_WHAT IS BEING ASKED_
Find, in the records below, the line that contains "Amnesia Haze" and the line that contains "M4 Case - Military Case/Box - sand/desert". Copy those two lines and everything between them exactly, but not the pictures.

_STUDY MATERIAL_

_____

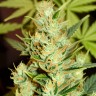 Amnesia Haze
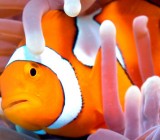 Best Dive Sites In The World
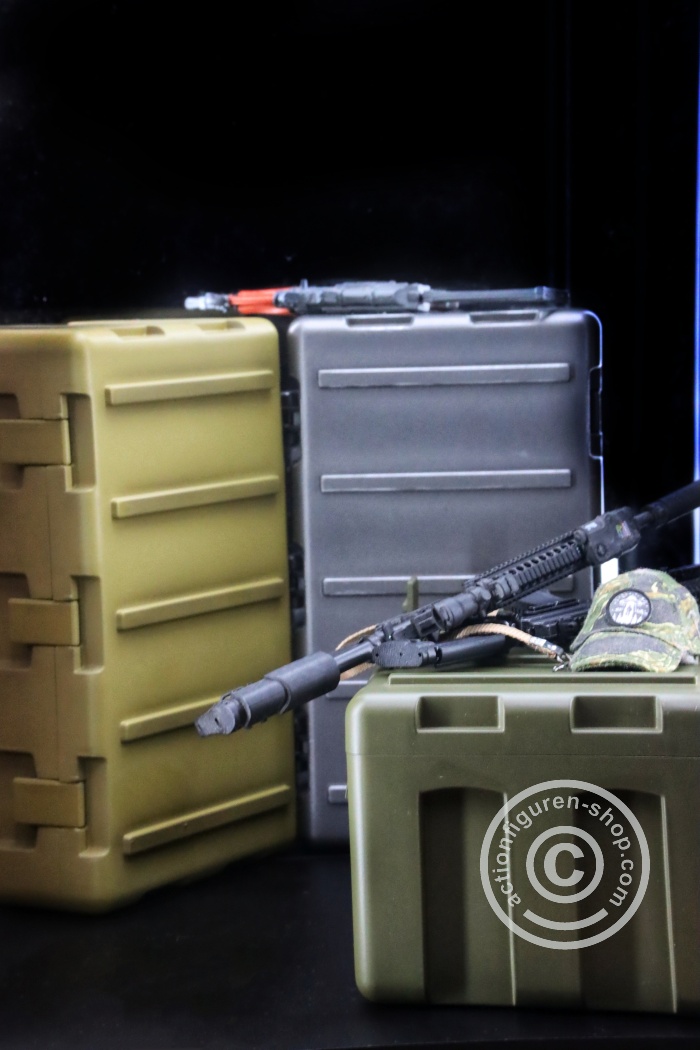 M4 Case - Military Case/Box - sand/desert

_____

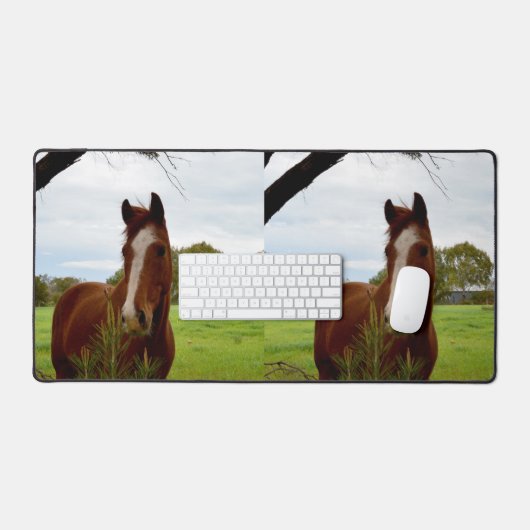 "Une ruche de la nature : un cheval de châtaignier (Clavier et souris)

_____

_EXERCISE RESULT_
 Amnesia Haze
 Best Dive Sites In The World
 M4 Case - Military Case/Box - sand/desert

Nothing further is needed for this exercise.